Would you please repeat all of the data exactly, omitting the pictures?

» DATA:
-- Opening Marker --

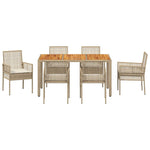 Garden Dining Set 7 pcs Beige Poly rattan 3334920
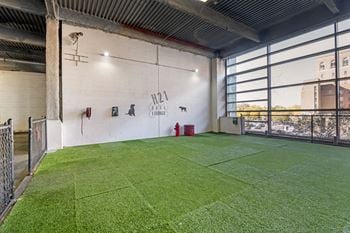 A room with artificial grass and a wall with a number of pictures and a fire extinguisher.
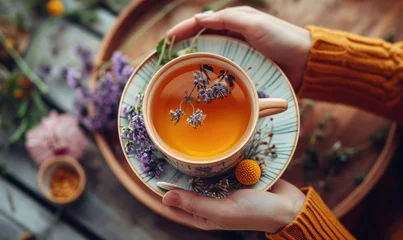 Draagtas Cup of hot tea and wild flowers © Filip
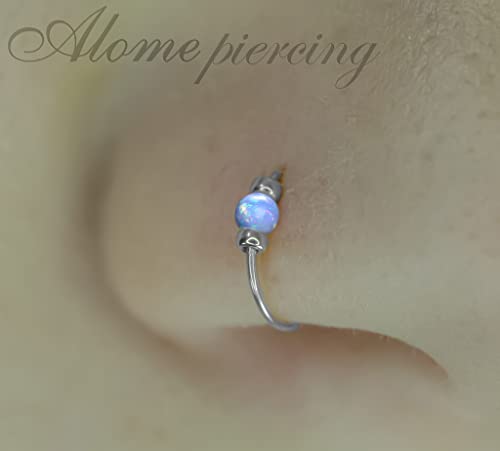 925 Sterling Silver & 14K Gold Filled Nose Ring Hoop Handmade Piercing Jewelry For Women - 24 Gauge 2mm,7mm Tiny Nose Ring with Opal - Gift Ready - color: Light Blue Opal Silver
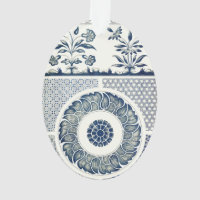 Blue White Blumenchinesisch Runde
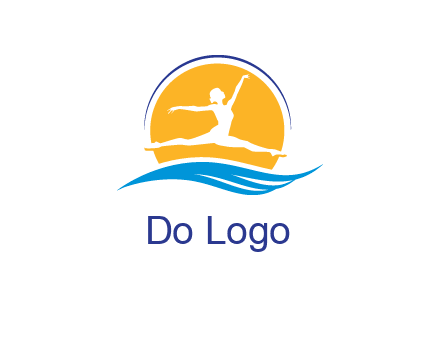 ballerina jumping over waves in front of the sun logo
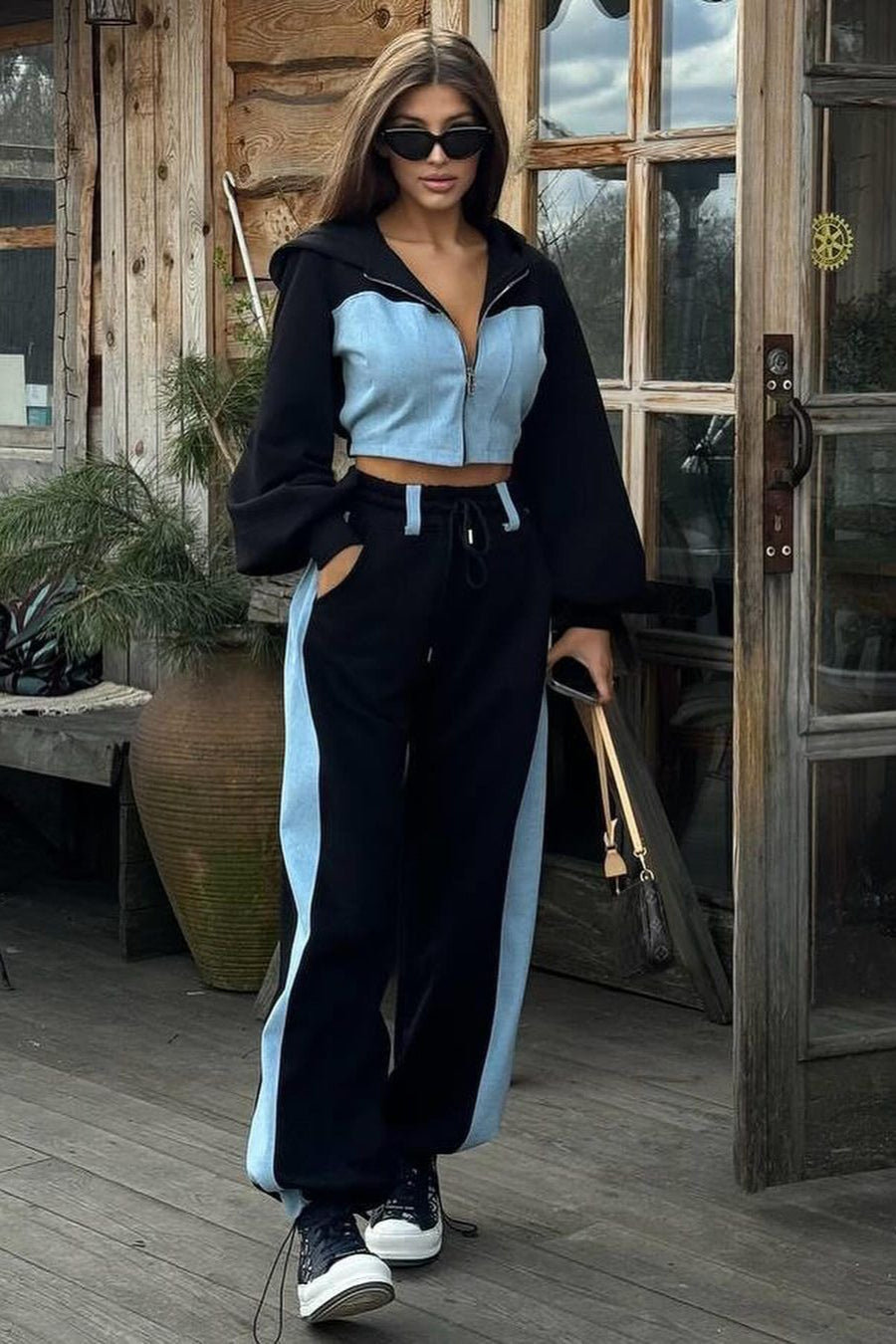 Conjunto Casual de Sudadera con Capucha Denim Bloques de Color y Pantalón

-- Closing Marker --

» RESULT OF THE TASK:
 Garden Dining Set 7 pcs Beige Poly rattan 3334920
 A room with artificial grass and a wall with a number of pictures and a fire extinguisher.
 Draagtas Cup of hot tea and wild flowers © Filip
 925 Sterling Silver & 14K Gold Filled Nose Ring Hoop Handmade Piercing Jewelry For Women - 24 Gauge 2mm,7mm Tiny Nose Ring with Opal - Gift Ready - color: Light Blue Opal Silver
 Blue White Blumenchinesisch Runde
 ballerina jumping over waves in front of the sun logo
 Conjunto Casual de Sudadera con Capucha Denim Bloques de Color y Pantalón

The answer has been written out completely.